[Start of section]

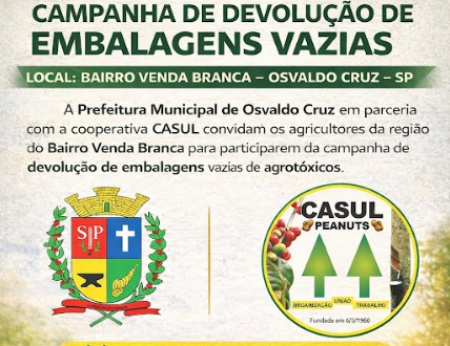 SAMA e Casul iniciam campanha para recolhimento de embalagens de agrotÃ³xicos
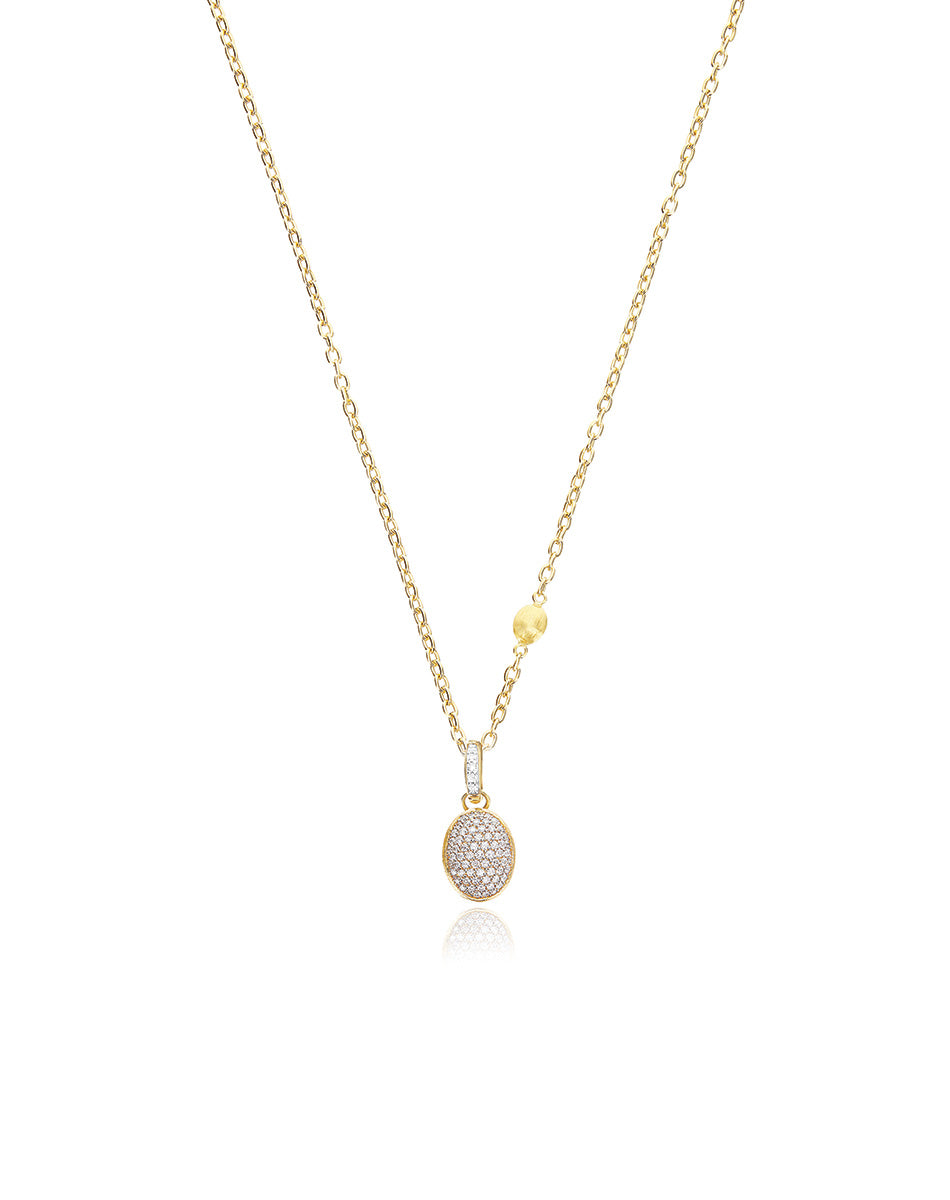 Nanis Charm "Boules" In Oro Inciso E Pavè Di Diamanti (piccolo) – Nanis Italian Jewels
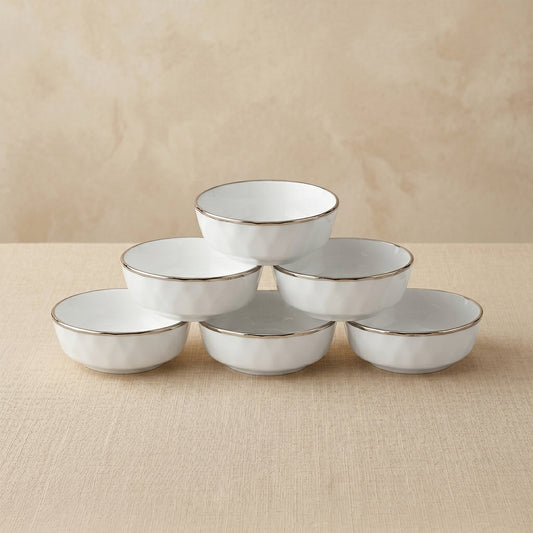 Tachiso Classic White Gold Rim Bowl Set – Premium Ceramic Serving Bowls (Set of 6)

[End of section]

Exercise description: Retype all the material word for word while skipping any picture it contains.

Result of the task:
 SAMA e Casul iniciam campanha para recolhimento de embalagens de agrotÃ³xicos
 Nanis Charm "Boules" In Oro Inciso E Pavè Di Diamanti (piccolo) – Nanis Italian Jewels
 Tachiso Classic White Gold Rim Bowl Set – Premium Ceramic Serving Bowls (Set of 6)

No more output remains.